Monday, August 20, 2012

Lindberg Interplanetary UFO


Lindberg's "Interplanetary UFO" model.  I believe the decals used to be for the "USS Leif Ericson" but now it's the "USS Yuri Gagarin".  Which is okay with me.  The model came in greenish glow-in-the-dark plastic and I was tempted to leave it that way, but the fit wasn't good and I had to do some advanced filing, filling, sanding, and screaming to erase the seams, and that ruined the glow-in-the-dark effect.  So I painted it Fifties-style, all bare metal.  I also plugged the see-through engine nacelles with plastic bulkheads and glued science-fictiony doodads to the bulkheads (domes from an AMT Romulan Warbird on the front, and sprockets from an M113 to the backs to simulate "plasma thrusters" or something).  The paint is highly generic hardware store silver spray paint that I bought to cover up welds on fence panels - it works for models too, but MAN it goes on heavy.  Maybe that's a good thing.



The decals weren't bad.  A little fragile, but workable.  I sanded the raised windows off, knowing that I'd be using the window decals anyway.


A view of the shuttlecraft bay.  The decal sheet includes decals that simulate machinery on the shuttle bay bulkheads, which was nice of them, because the kit parts had scribbly engraving and looked troublesome to paint.  I scratchbuilt new shuttle bay doors out of sheet styrene and bits and pieces of Evergreen strip styrene, as the kit doors lent new emphasis to the term "clunky".
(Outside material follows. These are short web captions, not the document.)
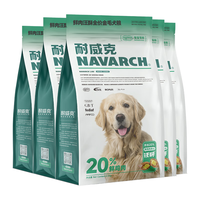 耐威克 狗粮成犬中大型犬小型犬 20%鲜肉汪酥夹心 ·金毛犬丨15kg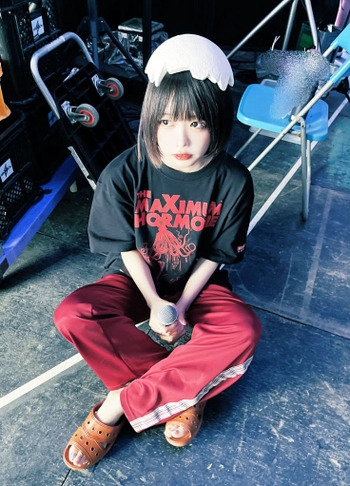 Ano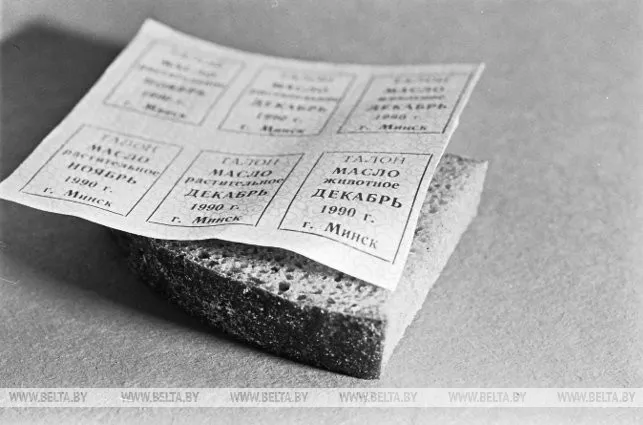 100 лет БССР: распад СССР и образование Республики Беларусь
I still have some work to do.  The green paint on one of the engine domes is horribly smeared, and the model needs to be cleaned and overcoated, but by and large, it's pretty much done.  The one-sentence summary:  fun, but stock up on clamps and sandpaper before you start.

Airfix Roland



This is the venerable Airfix 1/72nd scale Roland CII "Walfisch", which must be one of the easiest biplane models to build (no cabane struts!).  I'd been feeling stuck in the middle of too many difficult projects and thought I'd just "do some Airfix", to quote James May.  The Roland isn't a great kit - no interior, and the machine guns are at best vague approximations of armament - but it isn't bad.  The pilot and gunner figures are a little odd-shaped but not bad, and the fit is generally pretty good.  And the decals are quite well-behaved.  I built it over the span of a weekend, a task eased by the fact that I could brush-paint it with Model Master acrylic RLM65 and not have to worry about much else.

Another notch in my "Aeroplanes of the Great War" collection.  Notable gaps are now things like the Gotha, the Handley-Page 0/400, the DH4, and Spads.  I have no Spads.  Why is that?  Poor planning on my part, probably.